Sono decenni che si predica l’inclusione per i reietti della società ma il copione non cambia. Gli esclusi restano tali e i predicatori anche. Sono tanti gli episodi, di cui la cronaca è ricca, che testimoniano il maltrattamento subito dalle donne rom. Nello scorso mese di giugno al Policlinico Umberto I di Roma si presentò una ragazza rom al sesto mese di gravidanza con le manette strette ai polsi, arrestata in fragranza per scippo. Qualche mese prima, in aprile, un’altra ragazza rom all’ottavo mese di gravidanza era stata accompagnata, sempre allo stesso Policlinico, dai poliziotti per un ricovero d’urgenza. Era stata malmenata da alcuni maschi del suo campo che lei aveva denunciato. La notizia si era diffusa velocemente e i cronisti facevano a gara, in maniera spasmodica per avere informazioni ulteriori: se aveva partorito d’urgenza e se ci fosse un nesso tra le percosse e il parto cesareo. Domande legittime per un cronista, però, in alcuni casi esistono delle priorità, che nel caso in questione era la protezione della paziente, i particolari della cronaca potevano pure aspettare, prima la salute.

Un campo rom

C’è da segnalare che, con molta probabilità, l’accanimento con cui i cronisti si sono buttati sulla notizia, sia derivato dal clamore e dalla gravità del fatto: la violenza nei riguardi di una donna incinta. Inoltre, anche da una certa soddisfazione nell’aver collegato quel fatto increscioso ad un’etnia, che all’esclusione e alla criminalizzazione è abituata da secoli. Di rom si parla nel nostro Paese da decenni, ma negli ultimi tempi il dibattito si è fatto aspro e ruvido. Il tema principale della questione sono i “campi rom”. Secondo il rapporto a cura dell’ “Associazione 21 luglio ETS” (organizzazione non profit che supporta gruppi e individui in condizione di segregazione estrema e di discriminazione tutelandone i diritti e promuovendo il benessere delle bambine e dei bambini) un cittadino rom su 13 vive in un campo nomadi, definito “insediamento mono-etnico” in burocratese. La differenza è sostanziale (!): è più fine stare in un insediamento piuttosto che in un campo, vuoi mettere? Si tratta, comunque, di una minoranza. Infatti, sono ben 180 mila i rom residenti nel nostro Paese che vivono in abitazioni convenzionali.

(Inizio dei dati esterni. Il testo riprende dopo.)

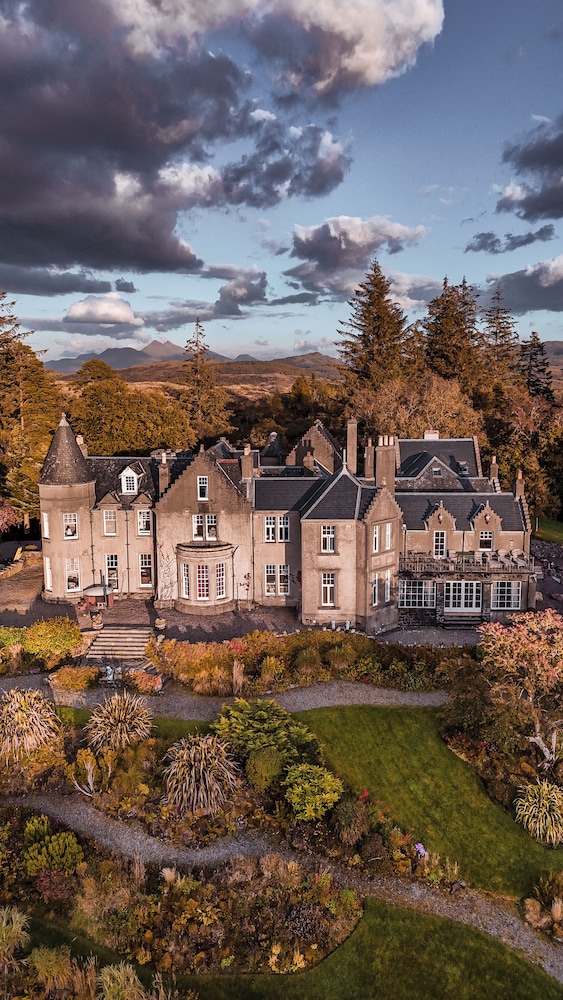 Glencruitten House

I campi rom sono un problema, soprattutto, nelle grandi città, come Roma e Napoli. A Roma quando ci reca preso un insediamento, per fare visita a qualcuno, c’è bisogno di un’autorizzazione da mostrare alla polizia locale. Le ragazze rom quando devono sottoporsi a vista ginecologica vengono accompagnate dalle madri, che sono considerate dalle figlie come persone dotate di una certa autorevolezza. I pregiudizi, in qualsiasi campo dello scibile umano, sono tetragoni e duri da scalfire e questo vale anche per i rom. Le donne rom, almeno negli studi finora effettuati, sono state viste come vittime di un sistema culturale dovuto al patriarcato, scartando il fattore sociale che, al contrario è determinante. Si sono preferiti interventi di tipo penale, piuttosto che a rimuovere gli ostacoli per una vera inclusione. E questo vale anche per altri esclusi della società, migranti, poveri, sbandati, senza fissa dimora e simili. Quando verrà il loro momento? Conoscendo i tempi della politica italiana, si dovrà aspettare le… “calende greche”, cioè mai!